Given the facts of this case, we conclude that the correct focus was whether Honeywell could reasonably have purchased insurance for asbestos-related claims. In the context of this case, the assumption of the risk language in Owens–Illinois did not refer to when an insurer sells or manufacturers a product that might lead to a claim of exposure to asbestos. Instead, the assumption of the risk occurs when an insurer fails to purchase insurance that was reasonably available.
Id. (citations omitted). Because the evidence established that insurance coverage was not available after 1987, the court concluded that the insured did not assume the risk during that period.
The Appellate Division also held that, based on the particular language of the policies at issue, the excess insurers were not required to provide coverage for the payment of defense costs and that the insured was not entitled to recover the attorneys’ fees it incurred in the coverage action.
On December 12, 2016, the New Jersey Supreme Court granted certification in the Continental case.
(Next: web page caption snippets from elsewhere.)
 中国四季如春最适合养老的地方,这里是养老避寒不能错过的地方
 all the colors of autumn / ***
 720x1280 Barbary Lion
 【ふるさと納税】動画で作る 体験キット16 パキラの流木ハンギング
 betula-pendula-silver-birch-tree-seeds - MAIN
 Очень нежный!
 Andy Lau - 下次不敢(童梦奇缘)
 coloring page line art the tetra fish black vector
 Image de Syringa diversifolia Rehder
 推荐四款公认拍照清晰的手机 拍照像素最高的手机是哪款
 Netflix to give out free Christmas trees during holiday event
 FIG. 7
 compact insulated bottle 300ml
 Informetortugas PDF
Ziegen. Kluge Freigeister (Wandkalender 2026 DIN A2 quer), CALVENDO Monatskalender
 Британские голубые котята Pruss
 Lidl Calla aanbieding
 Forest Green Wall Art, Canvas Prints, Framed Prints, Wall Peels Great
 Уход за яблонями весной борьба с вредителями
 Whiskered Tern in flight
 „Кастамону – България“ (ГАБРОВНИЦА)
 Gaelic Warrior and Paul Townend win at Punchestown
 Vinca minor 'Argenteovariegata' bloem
Interestingly, the Court declined to hear an appeal in the IMO case, which involved numerous novel and significant allocation issues. Presumably, the choice-of-law ruling caught the Court’s attention, although the assumption of risk argument also presents a novel issue. Regardless of why it granted certification, the Court will now have yet another opportunity to weigh in on the Owens-Illinois/Carter-Wallace allocation method.